--- INPUT DATA ---
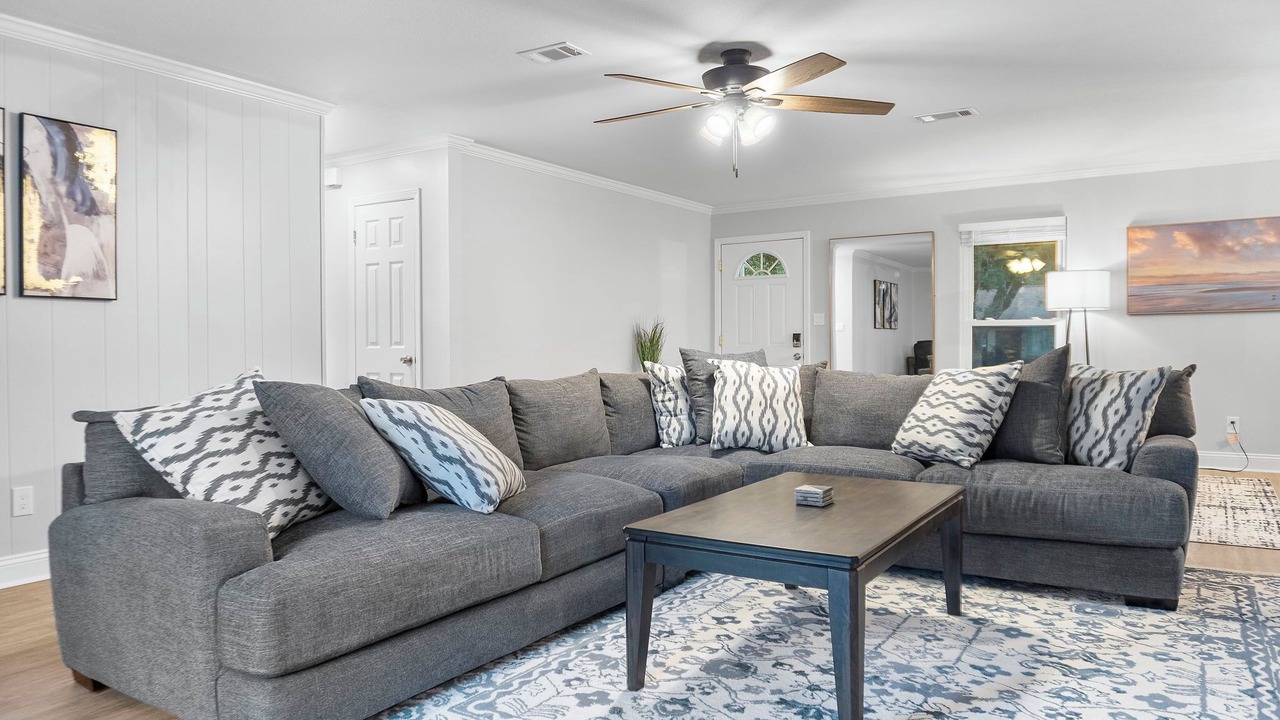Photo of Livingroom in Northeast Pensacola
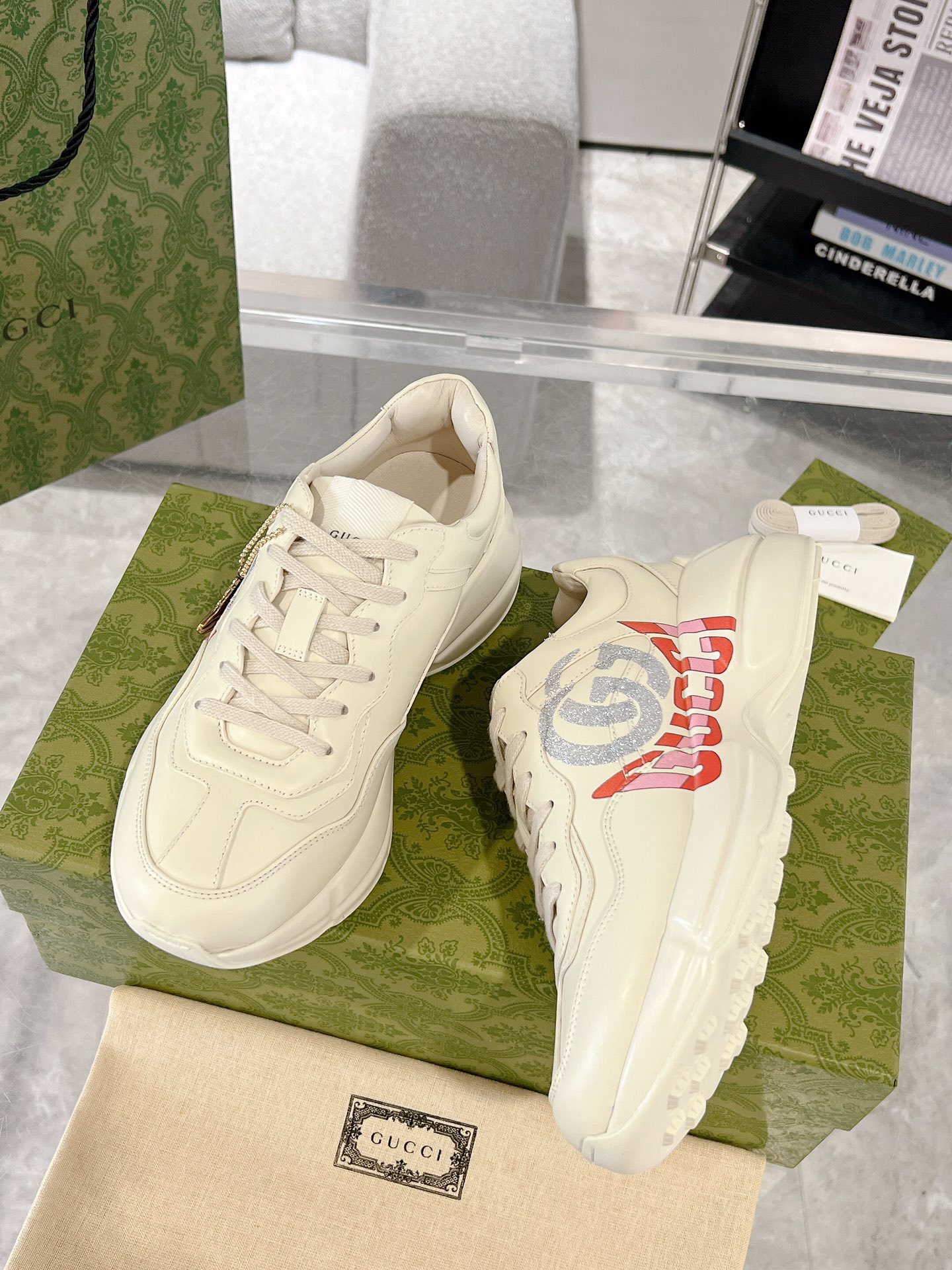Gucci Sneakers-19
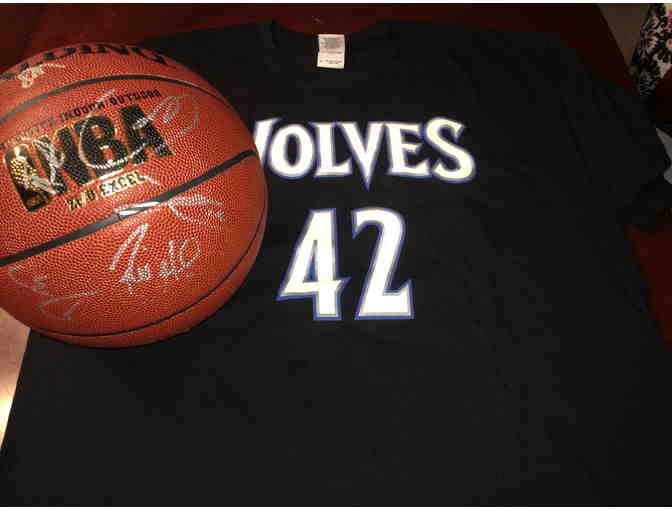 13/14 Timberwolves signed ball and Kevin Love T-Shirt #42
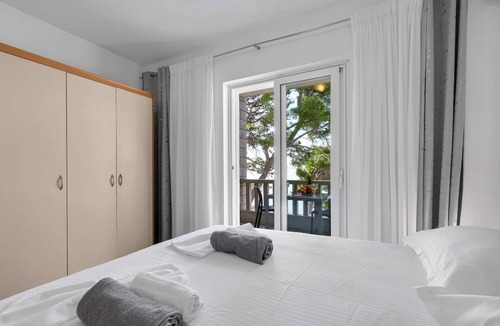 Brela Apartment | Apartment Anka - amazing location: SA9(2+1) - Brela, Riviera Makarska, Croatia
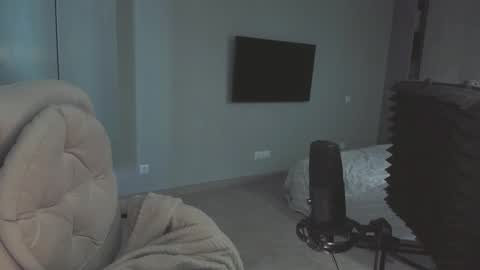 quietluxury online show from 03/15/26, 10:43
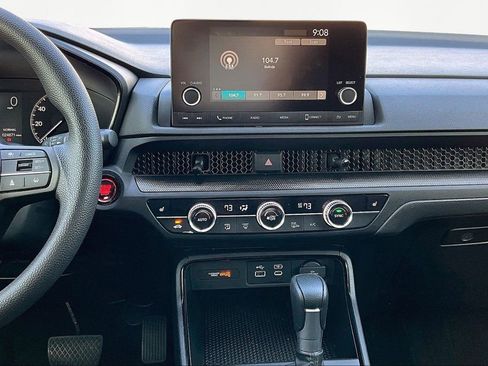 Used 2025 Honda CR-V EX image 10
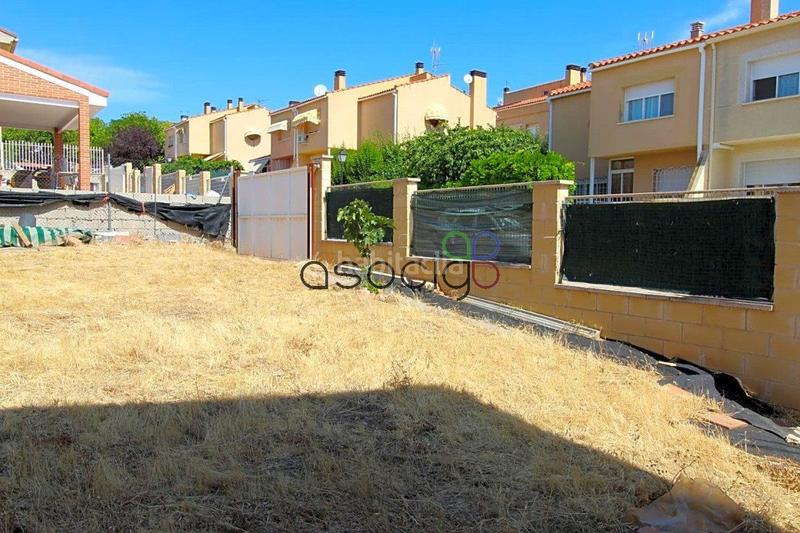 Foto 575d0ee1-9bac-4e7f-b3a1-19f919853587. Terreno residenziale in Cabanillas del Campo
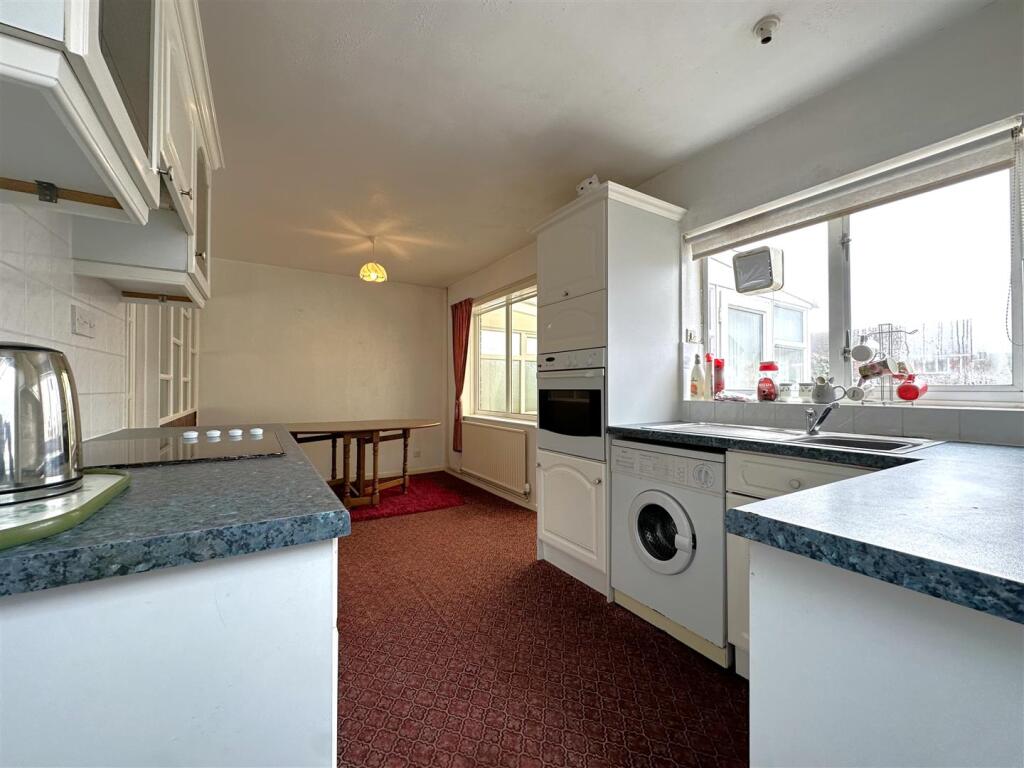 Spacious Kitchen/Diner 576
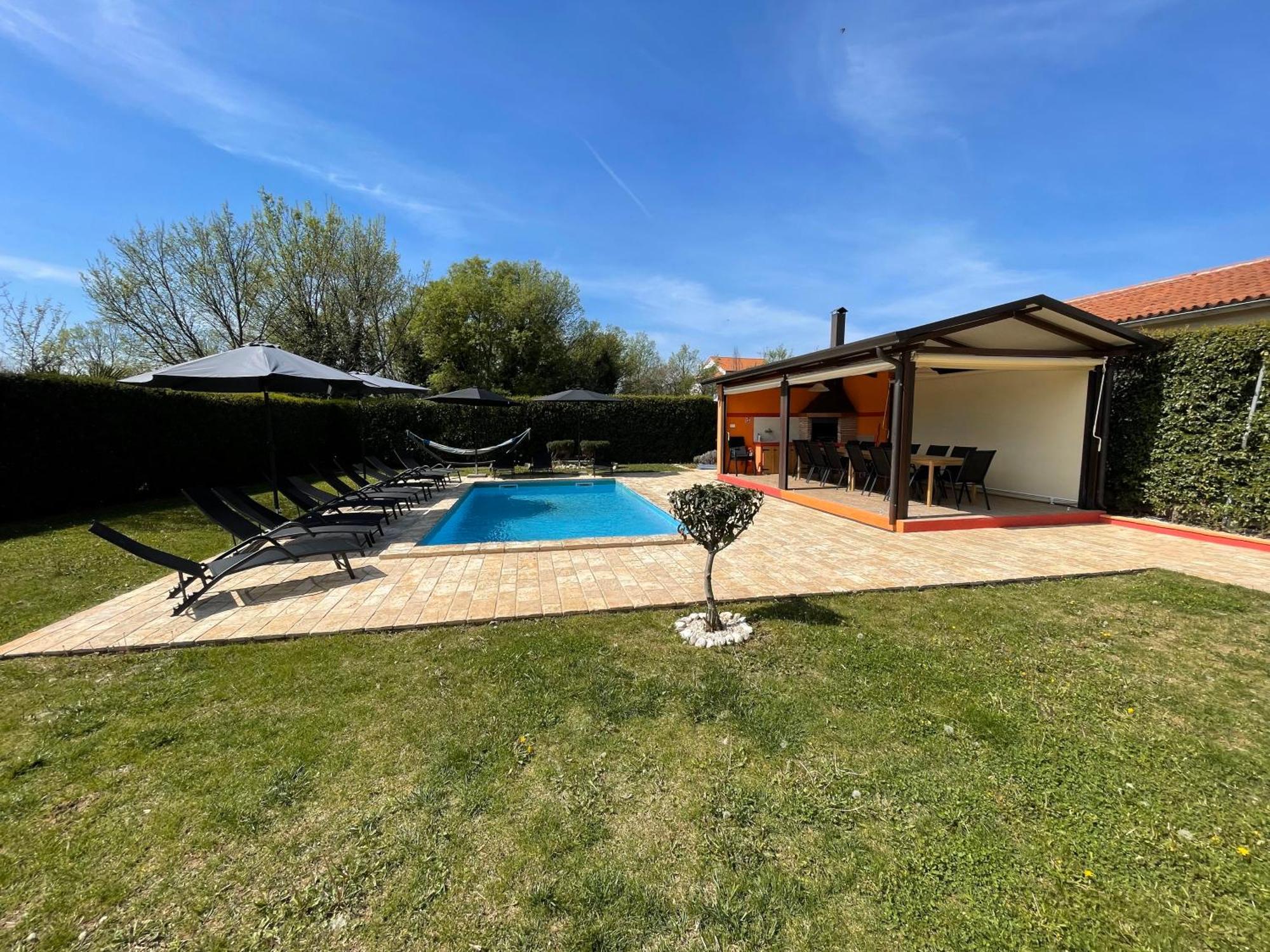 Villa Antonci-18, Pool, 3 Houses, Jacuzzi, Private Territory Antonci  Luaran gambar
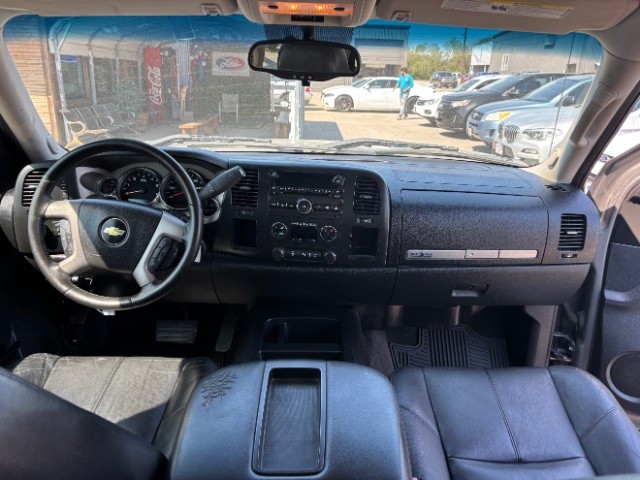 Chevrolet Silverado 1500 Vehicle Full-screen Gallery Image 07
---
## DIRECTIONS
An exact copy of the listing is needed, minus its pictures.

## RESPONSE AREA
Photo of Livingroom in Northeast Pensacola
Gucci Sneakers-19
 13/14 Timberwolves signed ball and Kevin Love T-Shirt #42
 Brela Apartment | Apartment Anka - amazing location: SA9(2+1) - Brela, Riviera Makarska, Croatia
 quietluxury online show from 03/15/26, 10:43
 Used 2025 Honda CR-V EX image 10
 Foto 575d0ee1-9bac-4e7f-b3a1-19f919853587. Terreno residenziale in Cabanillas del Campo
 Spacious Kitchen/Diner 576
 Villa Antonci-18, Pool, 3 Houses, Jacuzzi, Private Territory Antonci  Luaran gambar
 Chevrolet Silverado 1500 Vehicle Full-screen Gallery Image 07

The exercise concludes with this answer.